= Noreena Downs Station =

Pastoral lease in Western Australia

Noreena Downs Station, often referred to as Noreena Downs, is a pastoral lease that has been used as both a sheep station and a cattle station.

It is located about 127 km north of Newman and 135 km south of Marble Bar in the Pilbara region of Western Australia.

The property was pioneered by A.W. Townshend and comprised 800000 acre; Townsend used it to graze cattle. Townshend and Jarman put the property on the market in 1910 then in 1911 it was purchased by Hardie, Walker, McLarty and Haynes. They introduced sheep to the property and by 1914 had a flock of 7,000 sheep and 3,000 cattle. In 1916 the station was stocked with 9,000 sheep. By the 1930s Noreena Downs was owned by Hardie and Middleditch and was a million acre sheep station running about 30,000 sheep.

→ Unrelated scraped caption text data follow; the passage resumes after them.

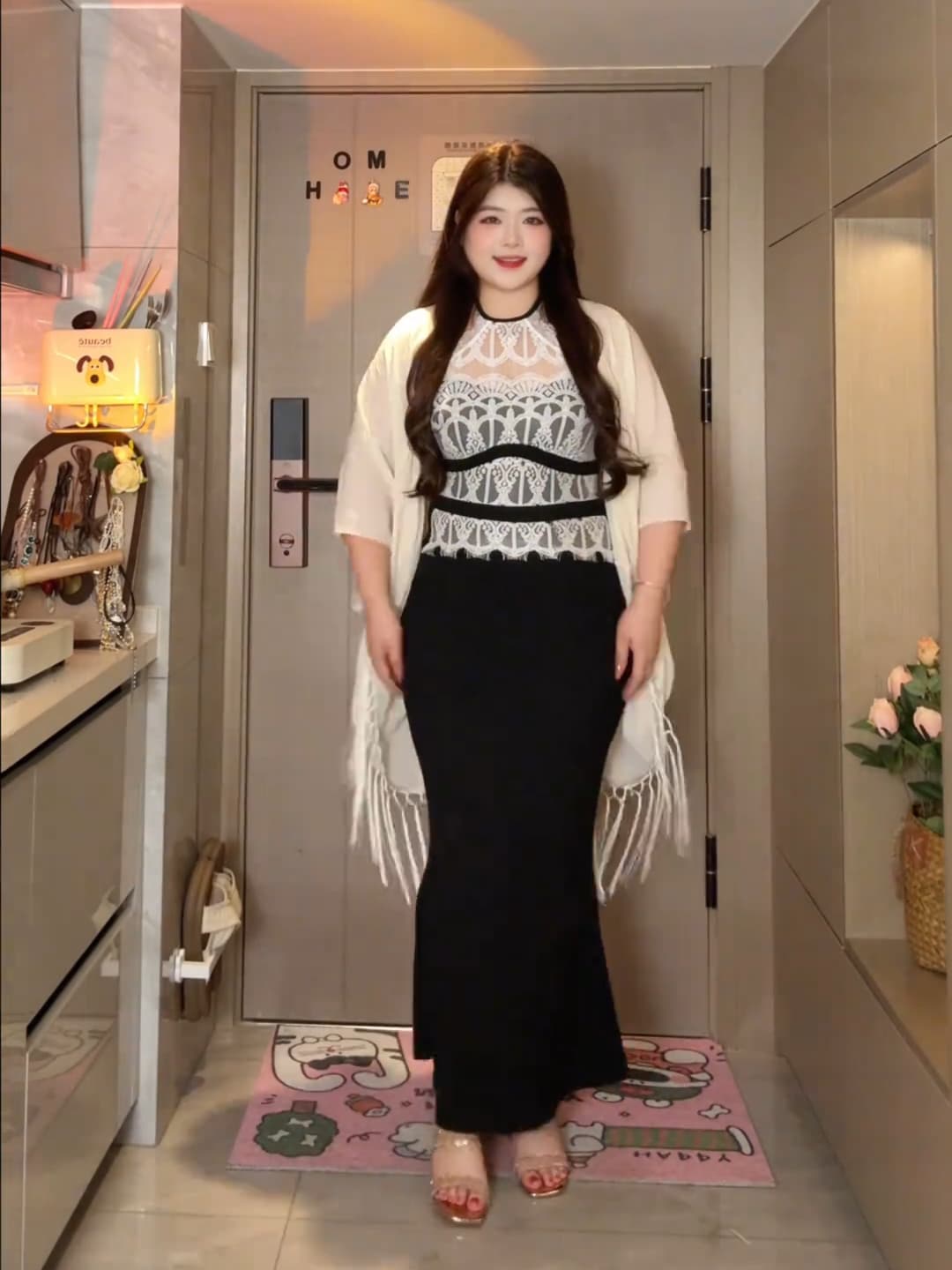b-babes Jiao 욕망 다 가지고있다 빅 사이즈 프랑스식 순수한 욕망 바람 섹시함 레이스 조각 슬림해 보이는 타이트 스커트 인어 꼬리 스커트 상세 이미지 3
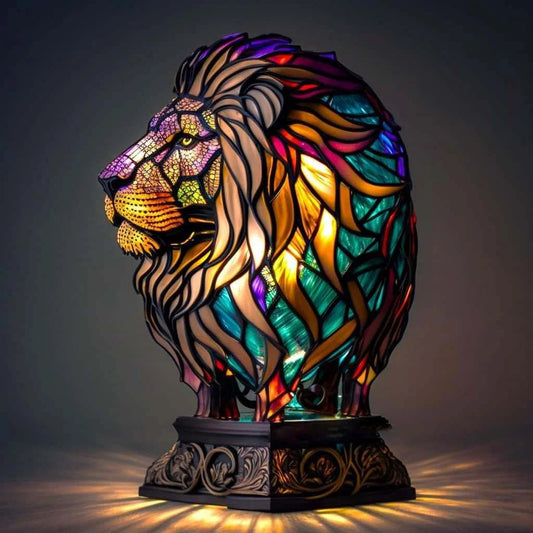 Lion Mosaic Lamp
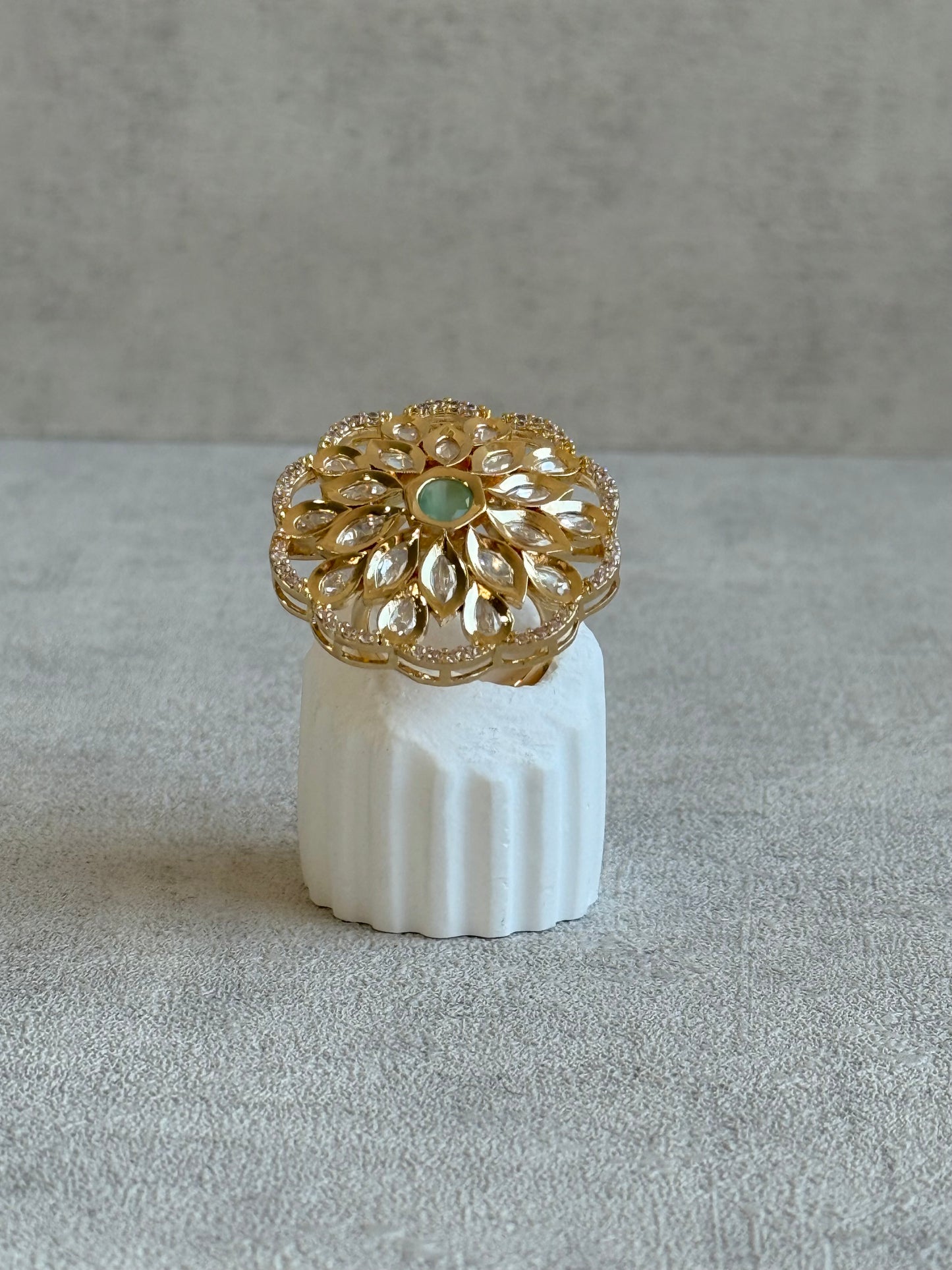 Ayura Designs Elisa Adjustable Ring – Moissanite Floral Ring with Mint Green Centre & Crystal Border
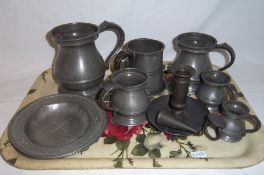 Sel. pewter tankards inc. Sanders & Sons London, candle holder & 2 Continental pewter dishes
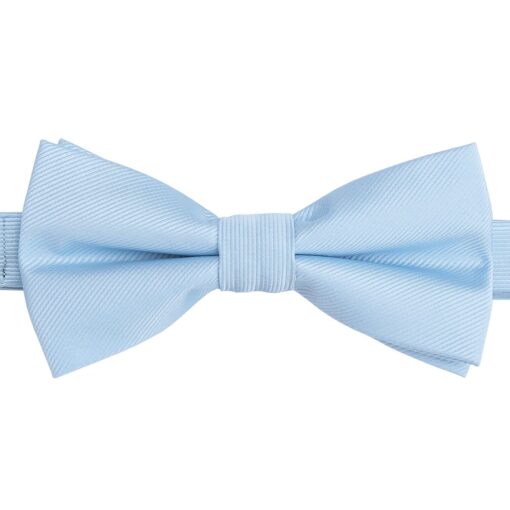 Ice Blue Plain Twill Pre-Tied Thistle Bow Tie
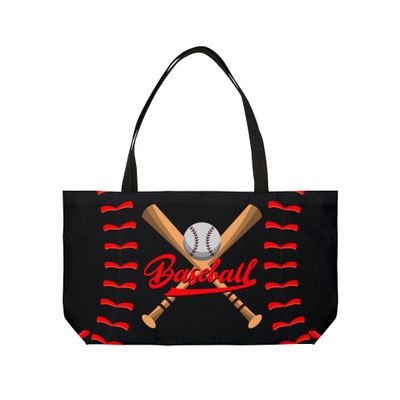 Baseball Weekender Tote Bag Baseball Bag (Black Bag with Red Baseball Font)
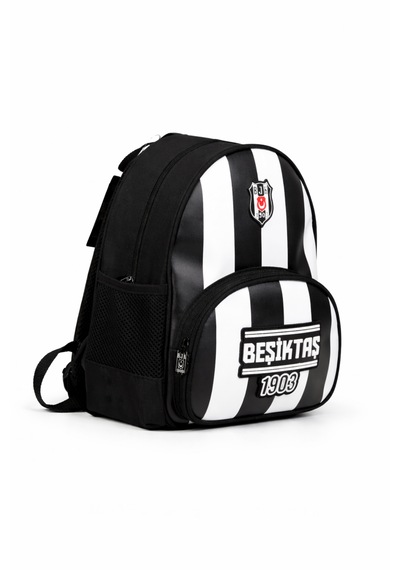 Beşiktaş Lisanslı Çubuk Desenli Rubber Logolu Su İtici Kumaşlı Anaokulu Sırt Çantası Siyah - Beyaz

Currently the property is owned by the Paull family and occupies an area of 910128 acre. The Paulls have been at Noreena Downs since 1981, when Tex and Tub Paull acquired it in partnership. By 1983 the Paulls owned the property outright although it was run down with no paddocks, working water points or homestead. They introduced a mixed herd of cattle, mostly Brahman and Droughtmaster.